Ouverture des portes à 18 heures, le public arrive au compte goute. Toute l’équipe du centre culturel de musique urbaine de Lille est mobilisé pour cette soirée à 10 euros l’entrée. Tout comme une tombola improvisée par une artiste peintre qui remettra son tableau. Le public attend déjà.

La soirée s’ouvre sur un Open Mic. Le principe ? Adapté un complet de rap sur une instrumentale choisie par l’ensemble des artistes. Exercé son verbe et son flow devant un public. Et la cause du concert s’inscrit dans tous les textes.

« Avec l’histoire du Nord, on est obligé de participer à ceux genre d’événement. On est dans le bassin minier, on est vraiment une communauté ouvrière. J’habite un quartier où actuellement, il y a encore une usine, comme à l’époque des mines. Le contexte actuel nous touche encore plus que la moyenne », explique le rappeur Abo.

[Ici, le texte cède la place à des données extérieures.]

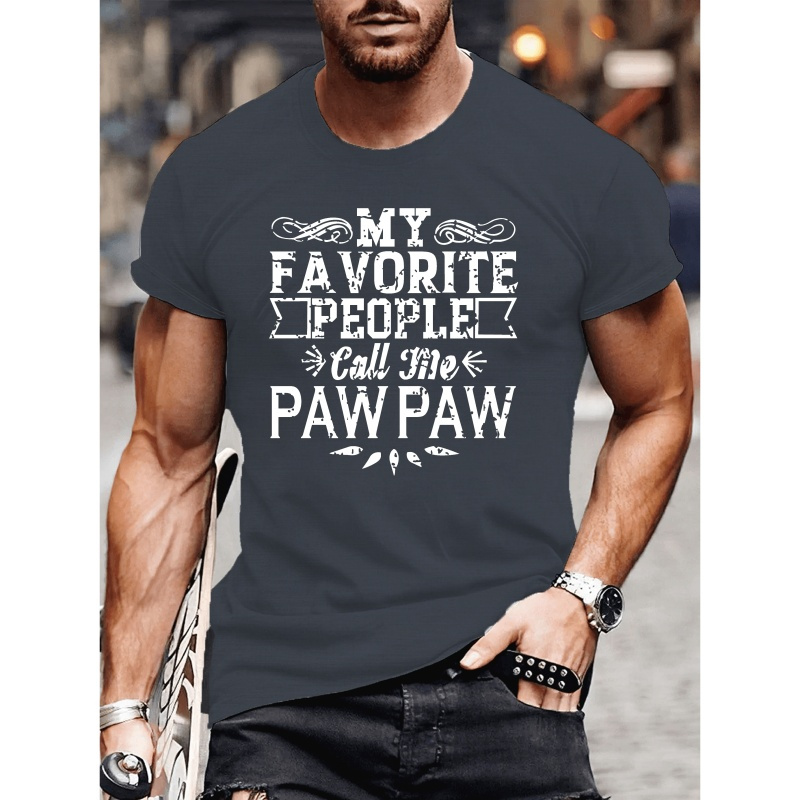 

Plus Size Men's Summer T-shirt, My Favorite People Call Me Paw Paw Letter Print Crew Neck Short Sleeve Tees, Casual Comfortable Versatile Tops For Daily Life, Big & Tall Guys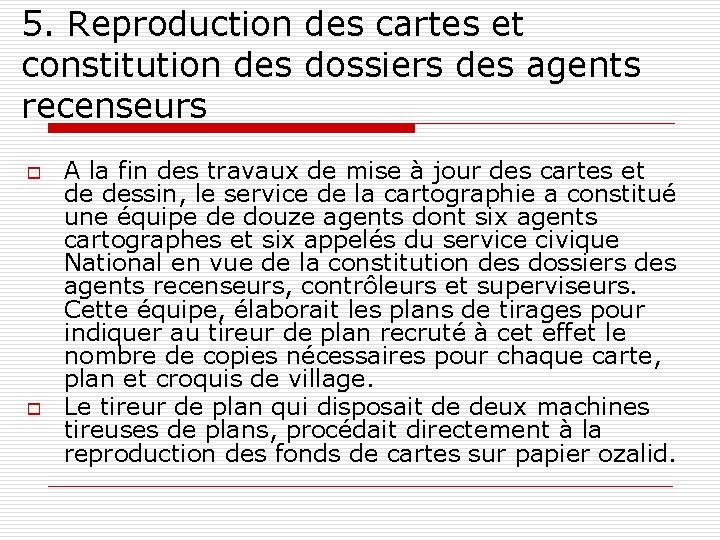 5. Reproduction des cartes et constitution des dossiers des agents recenseurs o o A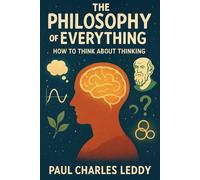 The Philosophy of Everything: How to Think about Thinking (Everything about Everything)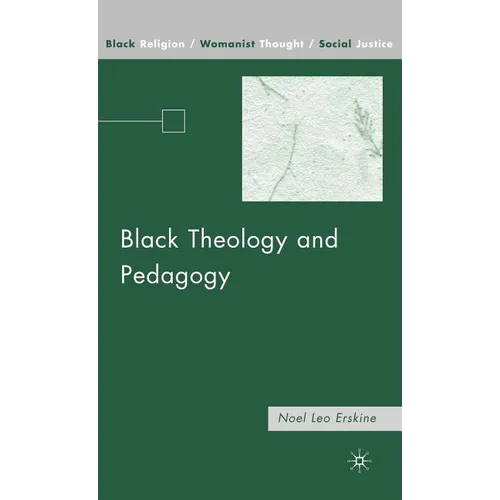 Black Theology and Pedagogy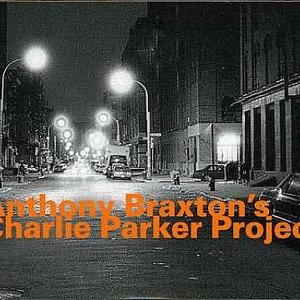 Anthony Braxton's Charlie Parker Project (1993)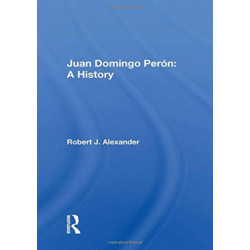 Juan Domingo Peron: A History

« Plus de Braves, moins de Brav-M »

Les artistes se relaient le micro tour à tour, le public saisit par ce moment scanderera les slogans connus des manifs : « Et tout, le monde, déteste la police, et tout, le monde déteste la police. » Gheno Fiasko animateur d’une partie de la soirée invitera plusieurs fois le public à répéter son gimmick : « Plus de Braves, moins de Brav-M. »

Certains membres du public sont venus encourager leurs amis sur scène. Mais considère aussi le rap comme un moyen de protester. « Pour beaucoup de gens, je sais que c’est juste pour le kiffe. Je comprends, il n’y a pas forcément de message ou quoi que ce soit, mais d’où le rap est né, c’est logique qu’il y ait un retour aux sources », estime le rappeur Skriz.

Iwill rappeur chevronné, convaincra le public par un refrain conscient et engagé : « Même si on laisse en nous une part de doute vivre, comme sous écrous, nous avons tous une lutte à poursuivre, une quête à accomplir et le besoin de se sentir libre, libre, libre, libre. »

Le final de ce concert se conclura par le banger de Ben PLG, “Mauvaise nouvelle” qui fera sans doute échos aux grévistes. Questionné sur la nécessité d’un engagement des rappeurs français vis-à-vis de la réforme, le rappeur nordiste répondra : « J’attends plus de choses du président de la République que des rappeurs, chacun son rôle. » Le message est passé.